Post
Topic
Board Speculation
correction of urban legends and misinformation about “10 minutes”
by
death_wish
on 01/07/2022, 05:07:04 UTC
There is no excuse for spreading wrong information and urban legends.

No, I am not trying to be persnickety.  The Bitcoinland urban legend of “blocks take about 10 minutes” is Gambler’s Fallacy:  A practical expectation that you are “due” for a win based on a statistical average.

[...]

Technically.....   D_W says


Fuck technically!!!

You got it backwards.  You are hypertechnically (and incorrectly) seizing onto a number that has theoretical significance, but no practical significance to the ordinary user.  The 10-minute average is a practically useless number to most people.  It does not matter to everyday usage of Bitcoin.

Yeah.. maybe it matters for a miner.. or for someone in a hurry transacting a $1 million transaction.. but most people only need to know that bitcoin workie workie works.. and it continues to work... and workie workie, too

Bitcoin works.  People are confused by the misinformation of “about 10 minutes”.  It makes them upset.  It makes them wonder if Bitcoin is broken, when they get hit with occasional hour-long confirmation times.  Then, they go to faux-decentralized, lower-security shitcoins that promise “instant finality blah blah blah”.

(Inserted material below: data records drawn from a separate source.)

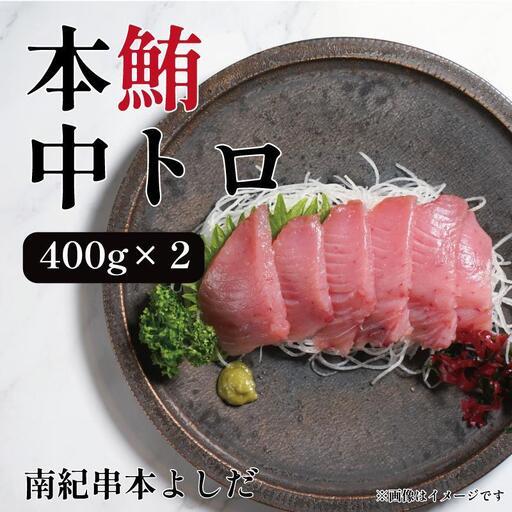 ふるさと納税 南紀串本よしだ 本鮪 中トロ サク 400g×2 合計 800g 和歌山県高野町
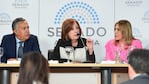 La senadora Vigo dio detalles del proyecto en el Senado.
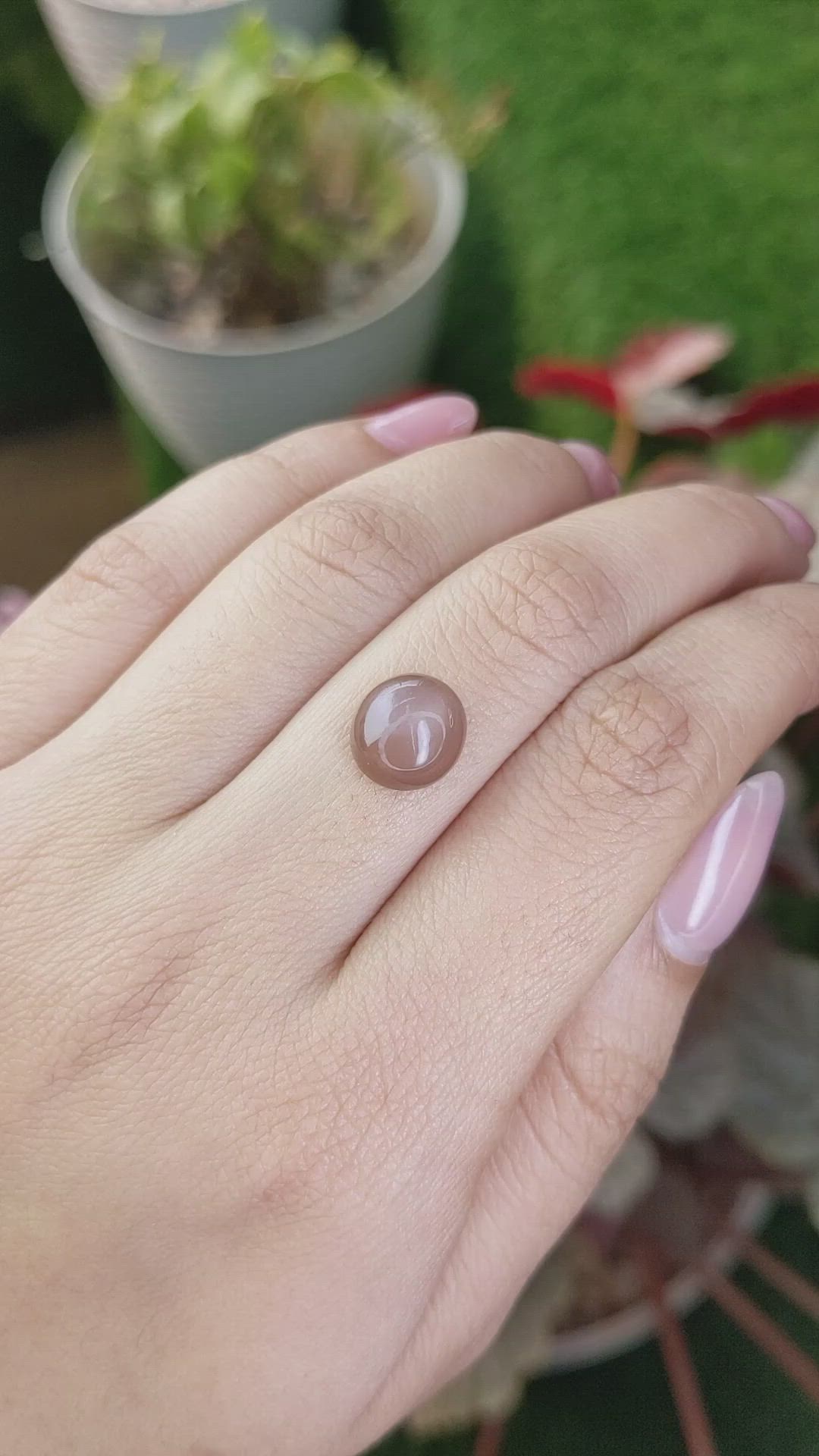 3.78 Ct. Peach Cabochon Moonstone from Ceylon (Sri Lanka) Size Video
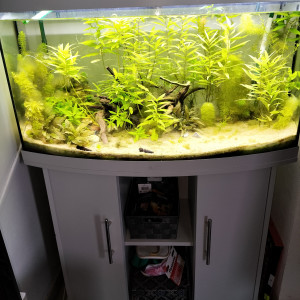 AQUARIUM juwel vision 180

Moreover, you are wrong about the $1 million transaction.  Anyone transacting for $1 million in value probably wants more than one confirmation.  The more confirmations you wait, the more relevant the 10-minute average becomes.  If you wait six confirmations, it will more likely take closer to 60 minutes than a single confirmation is to take “about 10 minutes”.  That is how averages work!  It is why Bitcoin’s targeting algorithm works:  It targets an average over many blocks.

Please open up your desktop calculator, play around with the CDF and PDF of the exponential distribution with λ = 0.1 (or λ = 1/600 if you are measuring in seconds), and get a feel for the extraordinary shape of a curve that defies human intuition.  You will soon be appalled at just how useless the 10-minute average is for ordinary, everyday usage.



Technical misinformation should always be corrected.  The notion that “a block takes about 10 minutes” is an urban legend.  It is counterproductive.  It is confusing to users in everyday real-life practical scenarios.  Please stop spreading it.